Pre-heat the oven to 375 degrees Fahrenheit.
Roll the dough out between 2 sheets of waxed paper for easier rolling or roll on a cool floured surface into a rectangle that is as big as your tartlet pan. Remove one of the waxed paper sheets and cut out little disks to fit your tartlet pan. We used a drinking cup for our cutter. Flour the edge of your cutter, press down on the dough starting from the edge and twist gently to cut through the dough. Cut out 12 tartlet circles. If you run out of space to cut out all 12, you will just re-roll the dough after you use the circles you have.

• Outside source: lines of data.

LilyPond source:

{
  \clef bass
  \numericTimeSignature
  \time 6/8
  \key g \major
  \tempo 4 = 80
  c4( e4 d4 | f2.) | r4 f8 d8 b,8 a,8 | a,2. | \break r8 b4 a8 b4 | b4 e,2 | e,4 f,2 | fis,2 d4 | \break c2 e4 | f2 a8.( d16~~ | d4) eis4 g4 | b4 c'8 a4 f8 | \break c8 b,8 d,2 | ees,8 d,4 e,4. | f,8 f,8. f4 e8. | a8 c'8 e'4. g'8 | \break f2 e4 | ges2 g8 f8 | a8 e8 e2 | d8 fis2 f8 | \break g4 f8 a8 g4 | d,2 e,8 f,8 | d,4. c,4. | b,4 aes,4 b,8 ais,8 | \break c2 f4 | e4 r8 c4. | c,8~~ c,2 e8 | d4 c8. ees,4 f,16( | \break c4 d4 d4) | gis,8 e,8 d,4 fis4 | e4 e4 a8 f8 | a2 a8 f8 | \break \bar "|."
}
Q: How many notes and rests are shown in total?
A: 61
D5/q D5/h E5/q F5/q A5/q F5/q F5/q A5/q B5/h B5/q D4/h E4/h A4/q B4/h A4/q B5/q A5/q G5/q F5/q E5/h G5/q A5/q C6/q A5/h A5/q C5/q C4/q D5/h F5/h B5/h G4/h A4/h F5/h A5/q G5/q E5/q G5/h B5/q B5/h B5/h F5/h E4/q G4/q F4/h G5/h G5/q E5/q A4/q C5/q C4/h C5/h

Gently press the dough into each tartlet form. If you set a cross of parchment strips into the bottom of each cup before you press in the dough, the tartlets are easier to remove, but they usually pop right out with a gentle knife lift even if you forget this.

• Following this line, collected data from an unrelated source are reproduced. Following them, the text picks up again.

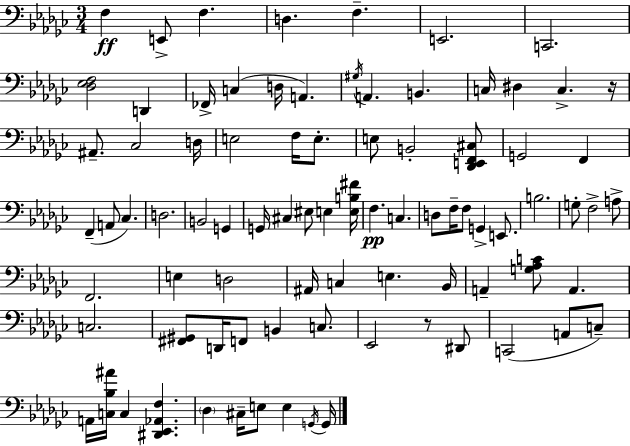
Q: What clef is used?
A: bass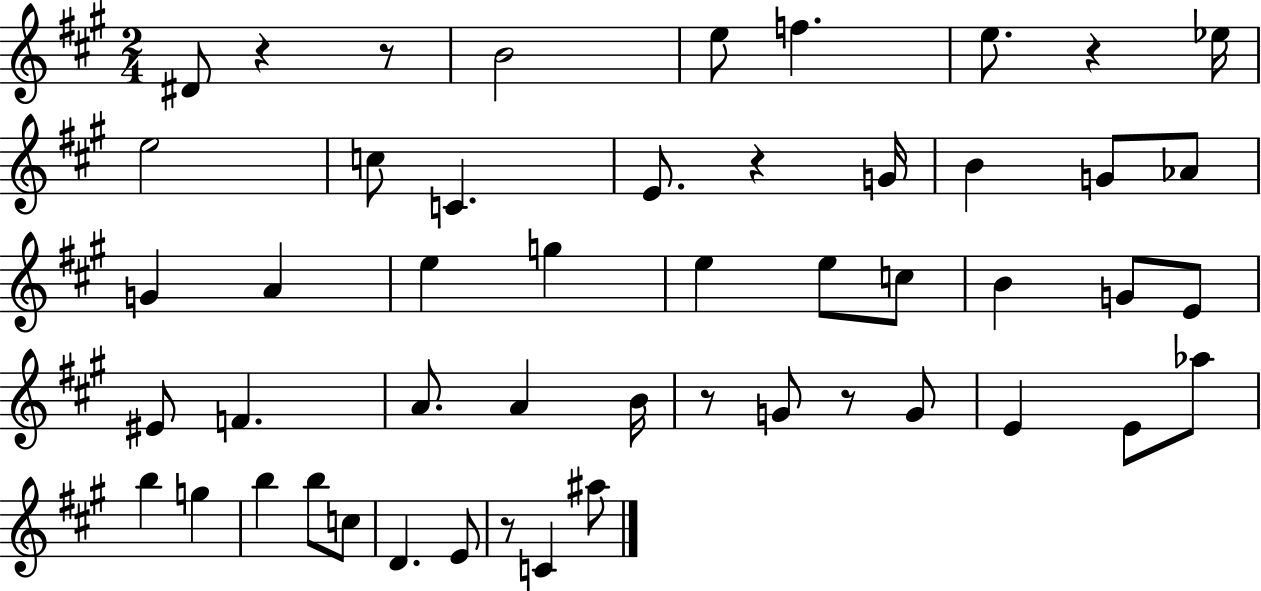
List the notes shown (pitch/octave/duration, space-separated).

D#4/e R/q R/e B4/h E5/e F5/q. E5/e. R/q Eb5/s E5/h C5/e C4/q. E4/e. R/q G4/s B4/q G4/e Ab4/e G4/q A4/q E5/q G5/q E5/q E5/e C5/e B4/q G4/e E4/e EIS4/e F4/q. A4/e. A4/q B4/s R/e G4/e R/e G4/e E4/q E4/e Ab5/e B5/q G5/q B5/q B5/e C5/e D4/q. E4/e R/e C4/q A#5/e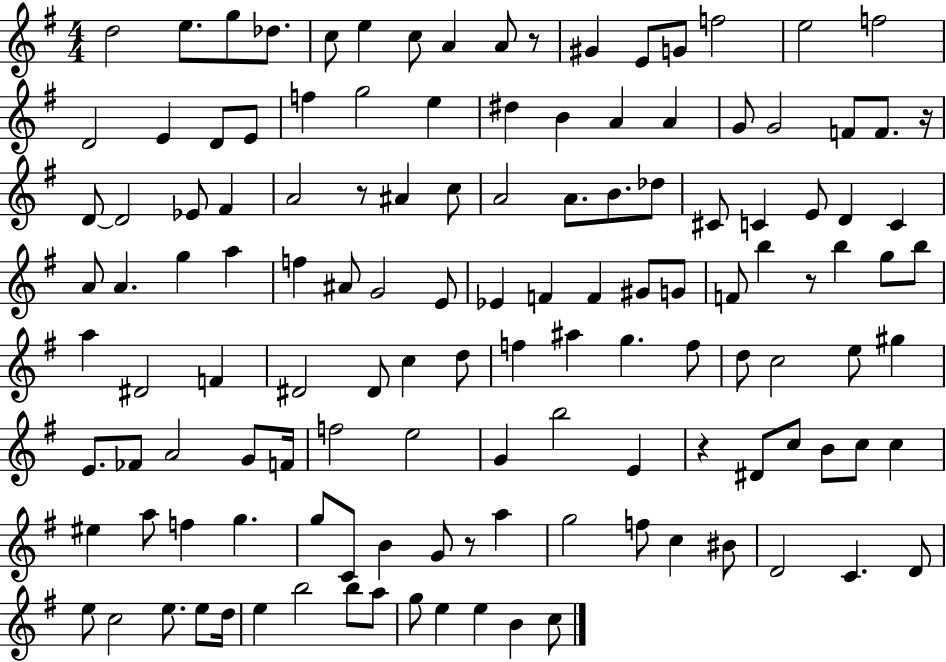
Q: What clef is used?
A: treble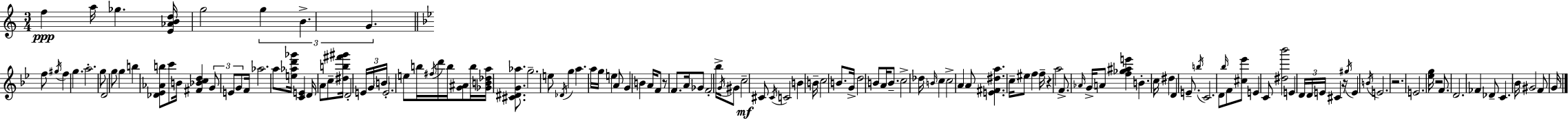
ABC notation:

If you need to, re-roll the dough, use the waxed paper again and roll it out to 1/4 inch and then cut the remaining circles.
If you get a hole, patch with your excess dough. If needed, use ice water to bind patch. Note that this dough will shrink while baking, so leave a tall edge. Use tiny pieces (1/4 of a 2 inch strip was good for us) of aluminum foil in each tartlet and then fill with beans or rice to weigh down the crust.
Bake for 10 minutes.
Remove the aluminum foil and weights and prick the bottom of the tartlets with a fork all over so that the steam can escape and the crust won’t get puffy. Bake for another 5 minutes until golden brown. Set on a cooling rack and allow it to fully cool.
Use pre-made marzipan or almond paste. Roll it out on a piece of waxed paper. It will stick to everything. I like to just rinse my rolling pin when it gets too sticky, but you could use waxed paper on top too. Cut out 12 slightly smaller circles (we used a smaller cup) than the tartlet crust. You can store them in between waxed paper while you wait for the crust to cool.
You will have leftover marzipan. Use the leftover marzipan to make truffles – melt high quality chocolate and a little butter and then dip marzipan disks or balls in the chocolate. Alternately sculpt the marzipan into fun shapes and paint it with a new paintbrush and food coloring.
1/2 c. powdered sugar
1 t. castor sugar
Slowly add lemon juice to the powdered sugar until it is runny. Add the castor sugar. Mix.
12 medium, nice strawberries – washed, dried, and sliced from top to bottom
While still in the tartlet pan, gently press the marzipan into the crust. Add the sliced strawberries in a decorative pattern to your tartlet. It takes about one strawberry per tartlet. Using a spoon, drizzle the lemon drizzle on top of the strawberries. Enjoy! Note, the strawberries will begin releasing their juices once the drizzle is added, which will be caught by the marzipan keeping the crust from getting soggy, but it can make for a juicier bite.
If you want to make the cherry tartlets, take the juice released by the cherries, and pour it into a pan. Add enough gelatin to cover the juice. Wait. Bring to a simmer and let cool to warm. Add halved cherries to the tartlet crust and marzipan then drizzle the cherry sauce over the top.